* [Record excerpts]:

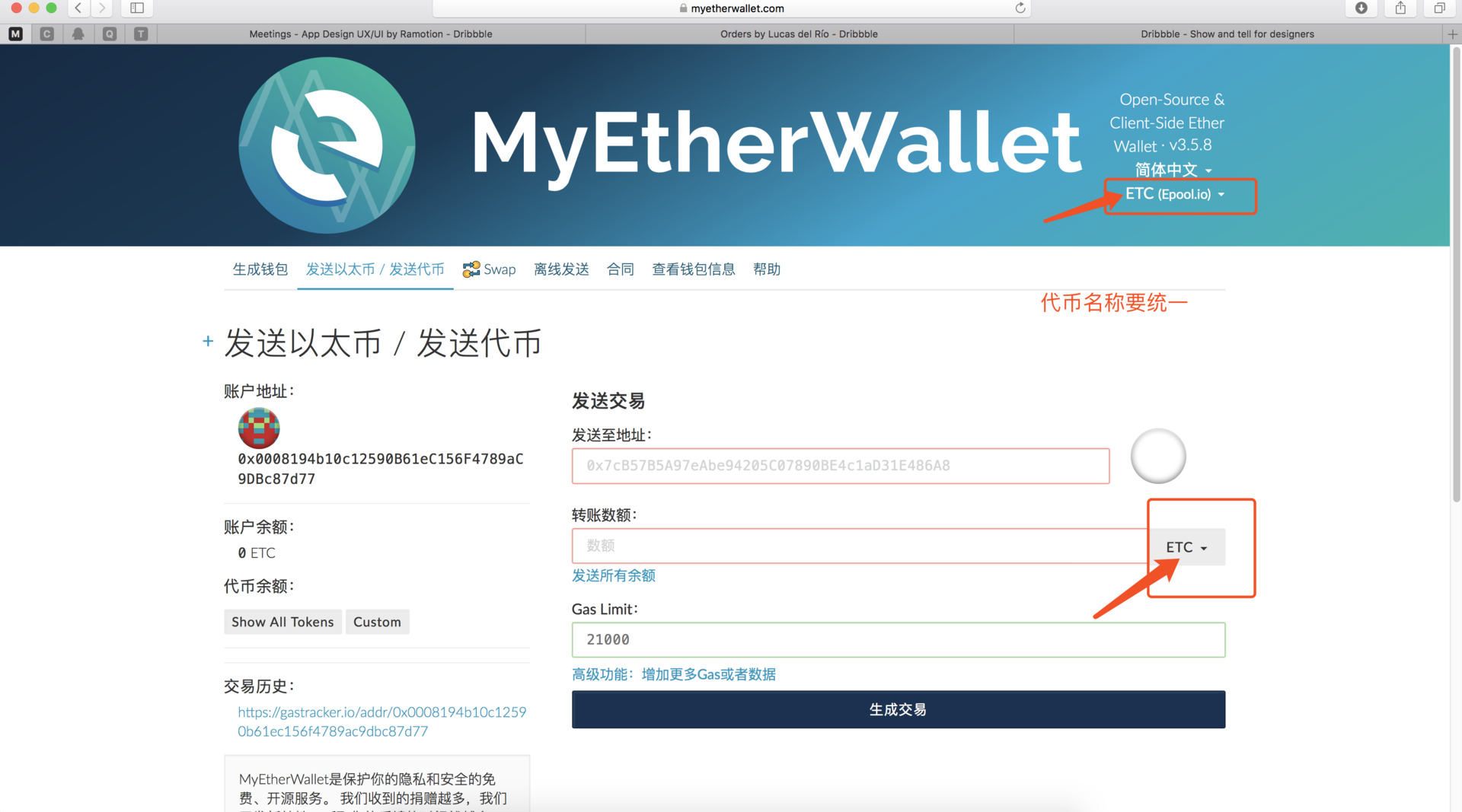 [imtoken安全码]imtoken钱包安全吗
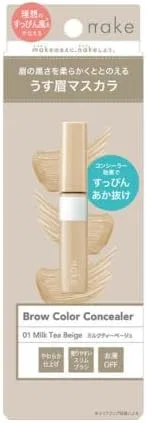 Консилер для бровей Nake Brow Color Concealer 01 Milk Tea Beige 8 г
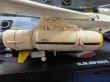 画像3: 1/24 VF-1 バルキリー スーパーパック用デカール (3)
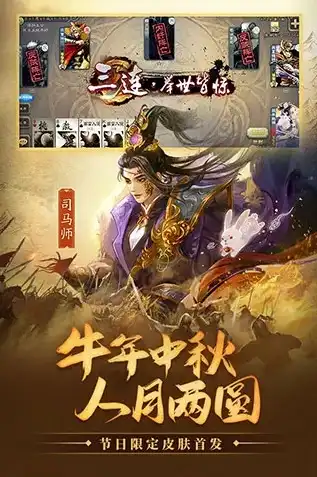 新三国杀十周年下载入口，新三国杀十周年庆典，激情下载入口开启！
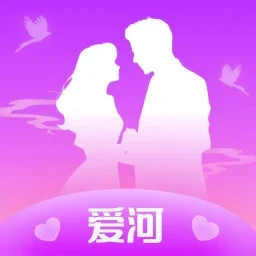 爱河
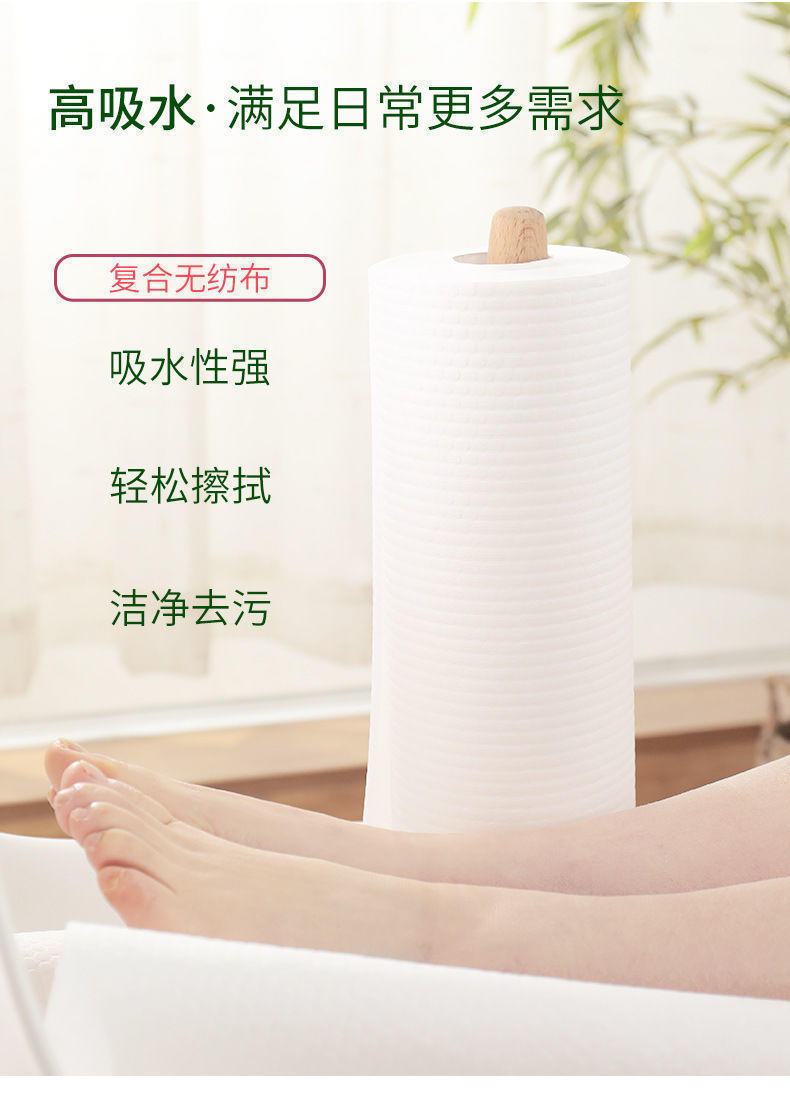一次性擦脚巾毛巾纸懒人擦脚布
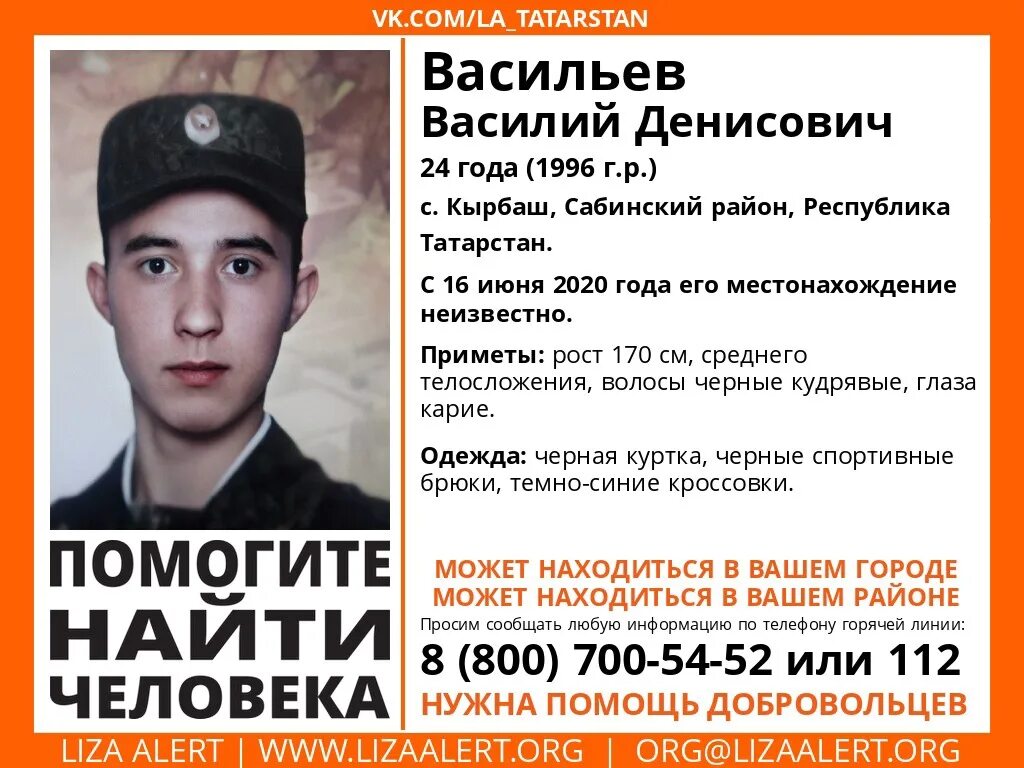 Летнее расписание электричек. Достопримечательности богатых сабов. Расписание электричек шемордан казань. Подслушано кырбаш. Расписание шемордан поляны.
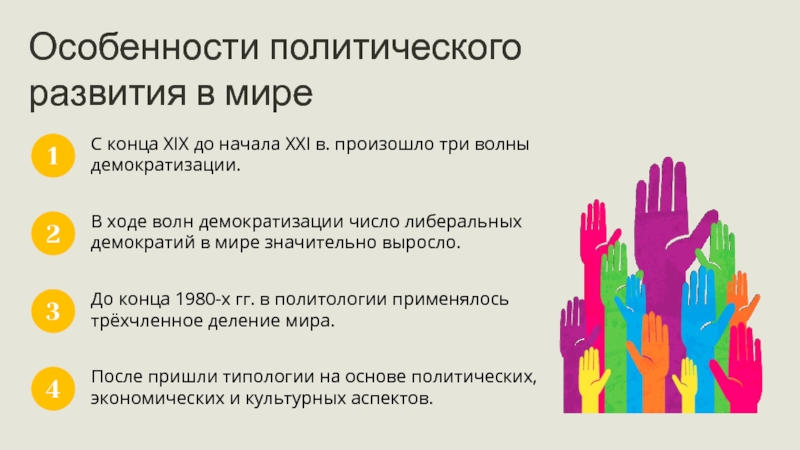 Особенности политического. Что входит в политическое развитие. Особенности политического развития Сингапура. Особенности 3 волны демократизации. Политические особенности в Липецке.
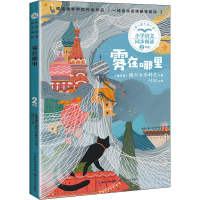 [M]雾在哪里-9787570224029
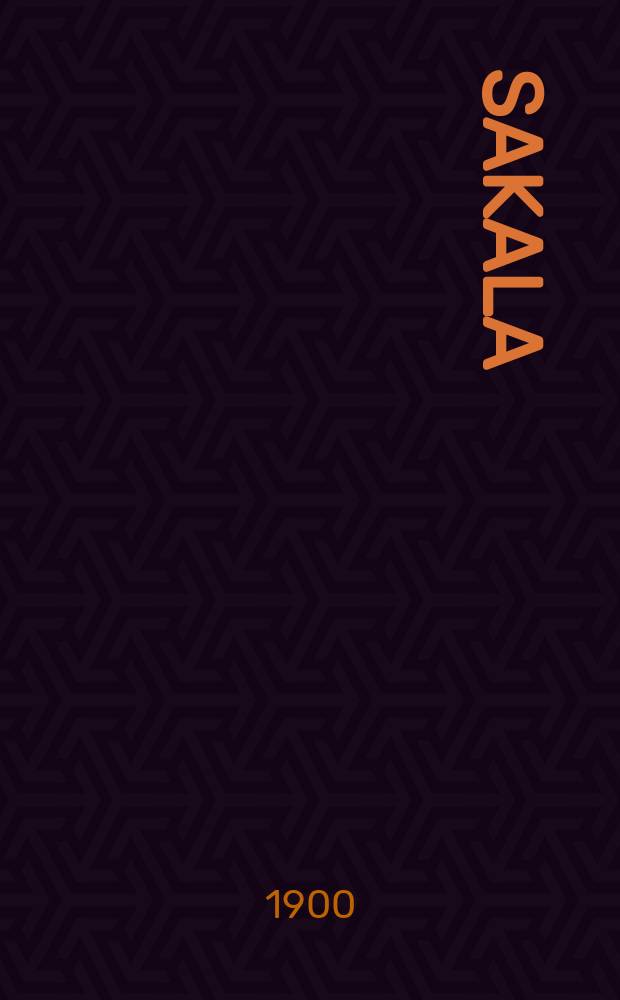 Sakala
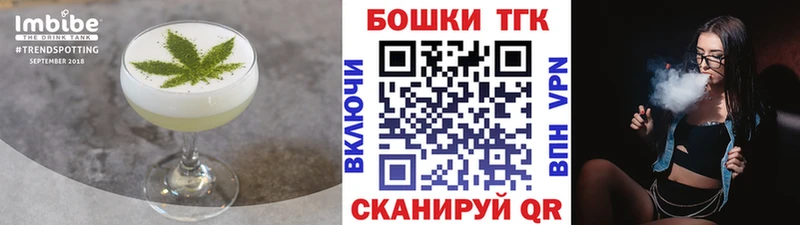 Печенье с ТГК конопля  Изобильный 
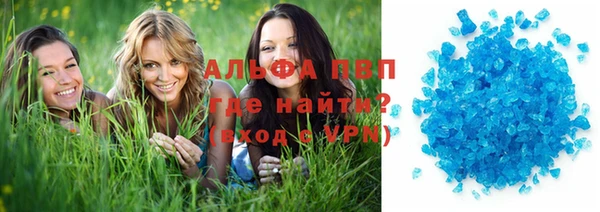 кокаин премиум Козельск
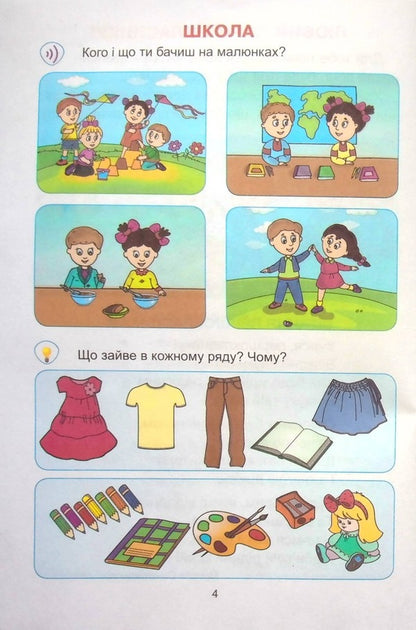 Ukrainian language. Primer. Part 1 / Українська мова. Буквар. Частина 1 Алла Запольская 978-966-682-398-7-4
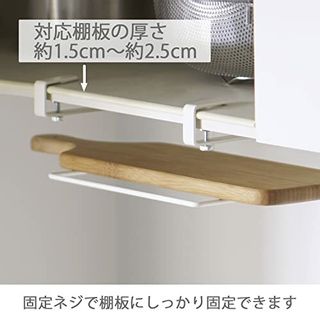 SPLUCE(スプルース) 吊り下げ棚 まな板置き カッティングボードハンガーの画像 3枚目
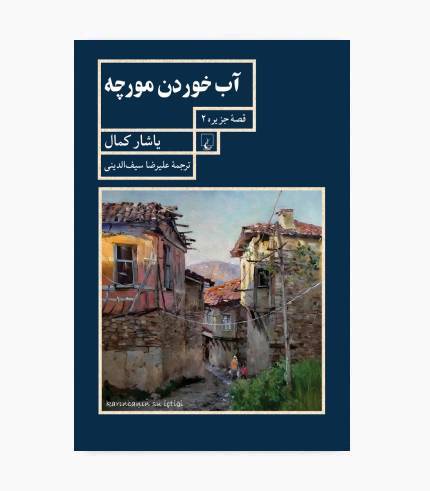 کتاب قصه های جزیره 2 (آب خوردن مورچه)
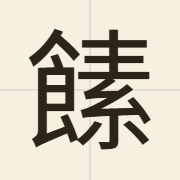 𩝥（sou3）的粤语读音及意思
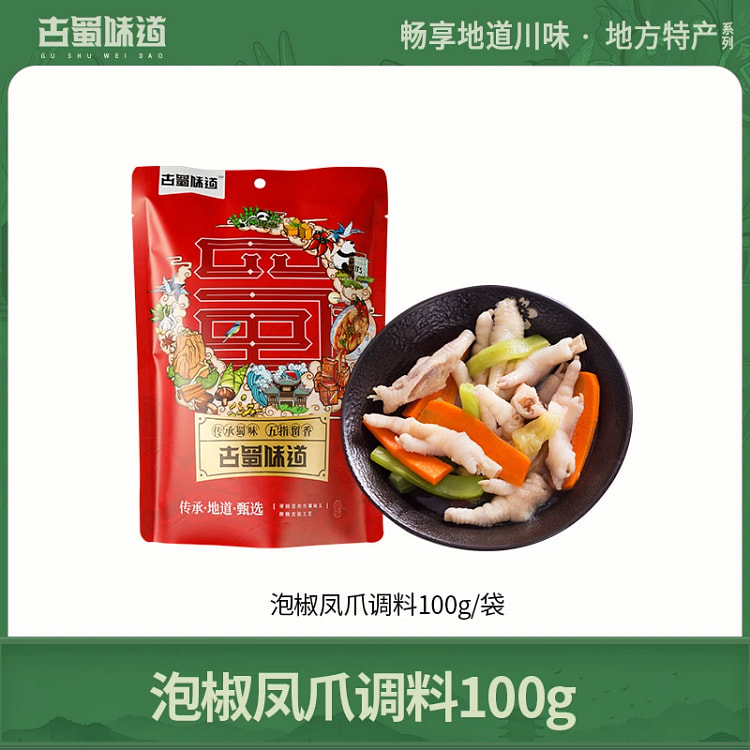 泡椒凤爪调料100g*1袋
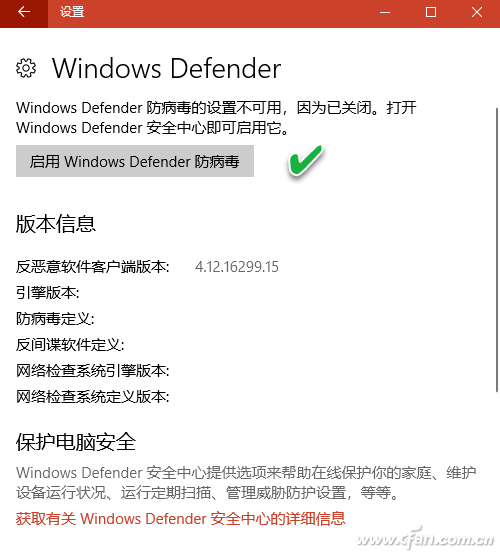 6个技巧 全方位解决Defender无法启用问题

* [Work order]: Your copy should hold the lines from the one with "画像3: 1/24 VF-1 バルキリー スーパーパック用デカール (3)" up to and including the one with "Летнее расписание электричек.", exactly as in the data above, and no pictures.

* [Written answer]:
 画像3: 1/24 VF-1 バルキリー スーパーパック用デカール (3)
 新三国杀十周年下载入口，新三国杀十周年庆典，激情下载入口开启！
 爱河
一次性擦脚巾毛巾纸懒人擦脚布
 Летнее расписание электричек. Достопримечательности богатых сабов. Расписание электричек шемордан казань. Подслушано кырбаш. Расписание шемордан поляны.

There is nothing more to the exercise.